Le 3 mars, seulement quelques jours après la disparition, Lorena a lancé le premier appel public sur Facebook : "Nous sommes désespérés, nous vous implorons de nous aider à le retrouver", a-t-elle écrit, accompagnée de photos de son père et des numéros de contact 58255999 et 55227727.

Le 20 mars, alors que Giovani avait disparu depuis trois semaines, l'utilisateur Guillermo Rodríguez Sánchez a décrit la situation par une phrase qui résume le désespoir de la famille : "C'est comme s'il avait été englouti par la terre".

L'affaire illustre un schéma récurrent à Cuba : l'absence totale de mécanismes officiels efficaces pour la recherche de personnes disparues oblige les familles à devenir leurs propres enquêteurs et porte-paroles, tandis que le vide d'information institutionnelle crée un terreau fertile pour la prolifération de rumeurs qui aggravent encore plus la souffrance de ceux qui sont déjà dévastés par l'incertitude.
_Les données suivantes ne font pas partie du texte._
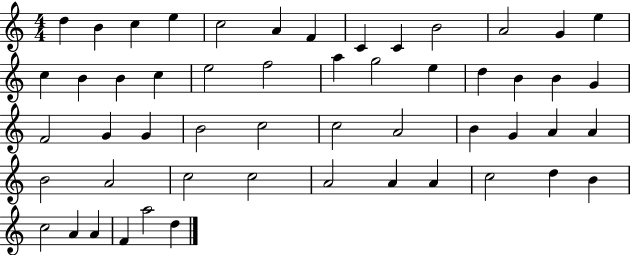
X:1
T:Untitled
M:4/4
L:1/4
K:C
d B c e c2 A F C C B2 A2 G e c B B c e2 f2 a g2 e d B B G F2 G G B2 c2 c2 A2 B G A A B2 A2 c2 c2 A2 A A c2 d B c2 A A F a2 d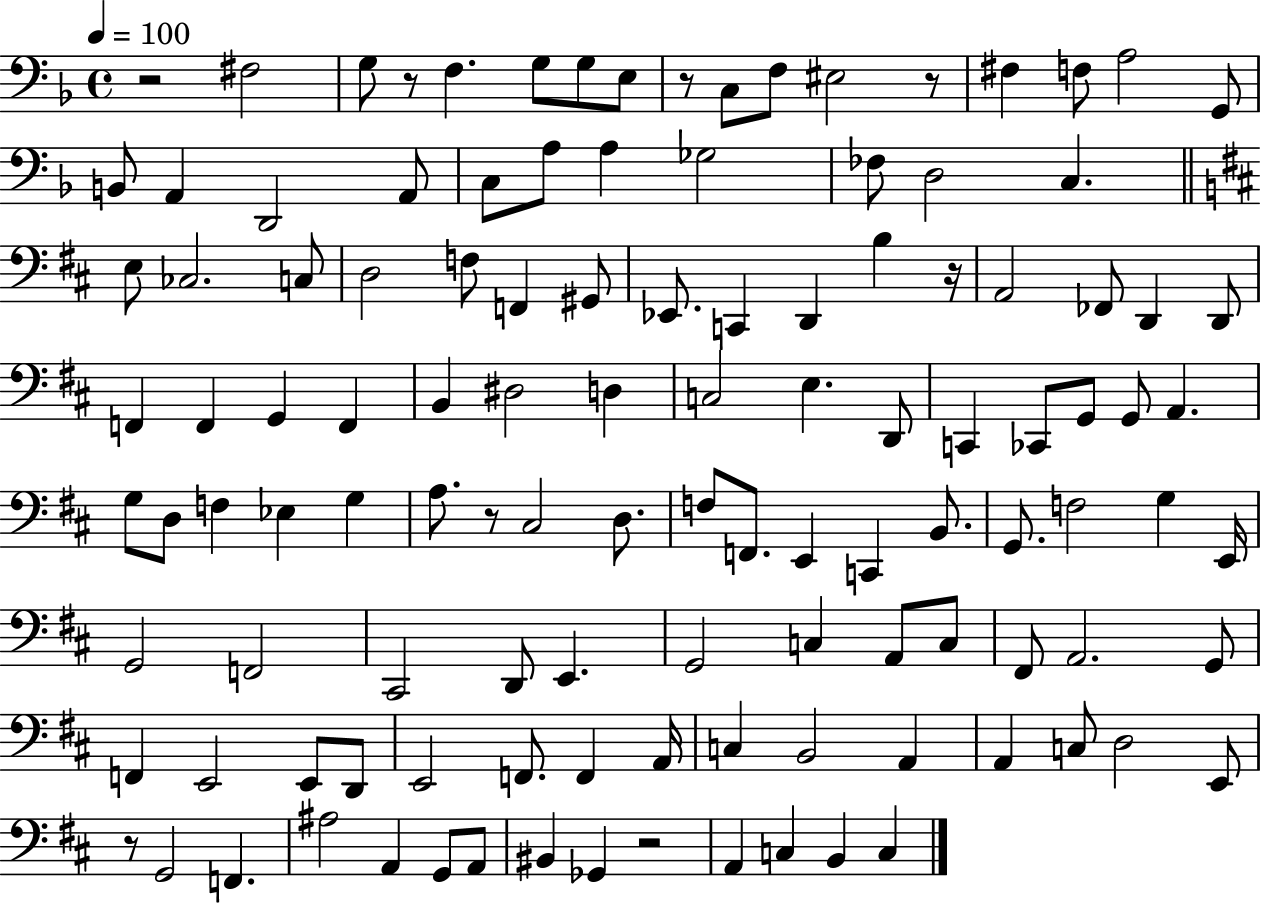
{
  \clef bass
  \time 4/4
  \defaultTimeSignature
  \key f \major
  \tempo 4 = 100
  r2 fis2 | g8 r8 f4. g8 g8 e8 | r8 c8 f8 eis2 r8 | fis4 f8 a2 g,8 | \break b,8 a,4 d,2 a,8 | c8 a8 a4 ges2 | fes8 d2 c4. | \bar "||" \break \key d \major e8 ces2. c8 | d2 f8 f,4 gis,8 | ees,8. c,4 d,4 b4 r16 | a,2 fes,8 d,4 d,8 | \break f,4 f,4 g,4 f,4 | b,4 dis2 d4 | c2 e4. d,8 | c,4 ces,8 g,8 g,8 a,4. | \break g8 d8 f4 ees4 g4 | a8. r8 cis2 d8. | f8 f,8. e,4 c,4 b,8. | g,8. f2 g4 e,16 | \break g,2 f,2 | cis,2 d,8 e,4. | g,2 c4 a,8 c8 | fis,8 a,2. g,8 | \break f,4 e,2 e,8 d,8 | e,2 f,8. f,4 a,16 | c4 b,2 a,4 | a,4 c8 d2 e,8 | \break r8 g,2 f,4. | ais2 a,4 g,8 a,8 | bis,4 ges,4 r2 | a,4 c4 b,4 c4 | \break \bar "|."
}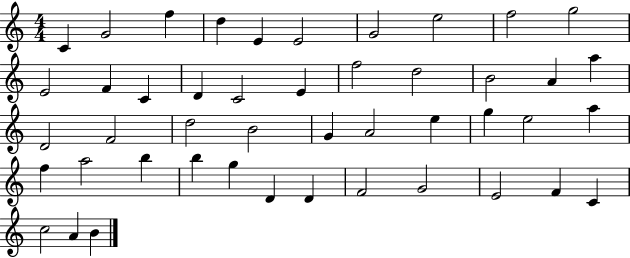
C4/q G4/h F5/q D5/q E4/q E4/h G4/h E5/h F5/h G5/h E4/h F4/q C4/q D4/q C4/h E4/q F5/h D5/h B4/h A4/q A5/q D4/h F4/h D5/h B4/h G4/q A4/h E5/q G5/q E5/h A5/q F5/q A5/h B5/q B5/q G5/q D4/q D4/q F4/h G4/h E4/h F4/q C4/q C5/h A4/q B4/q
Giovani est père de trois filles —l'une d'elles étant mineure— et fils de parents âgés, et il était une personne connue et appréciée dans sa communauté de Trinidad.

Lorena a conclu son démenti par un avertissement adressé à ceux qui ont diffusé la fausse nouvelle : "Le poids reposera sur la conscience de la personne qui l'a fait, respectez la souffrance et le désespoir de ma famille."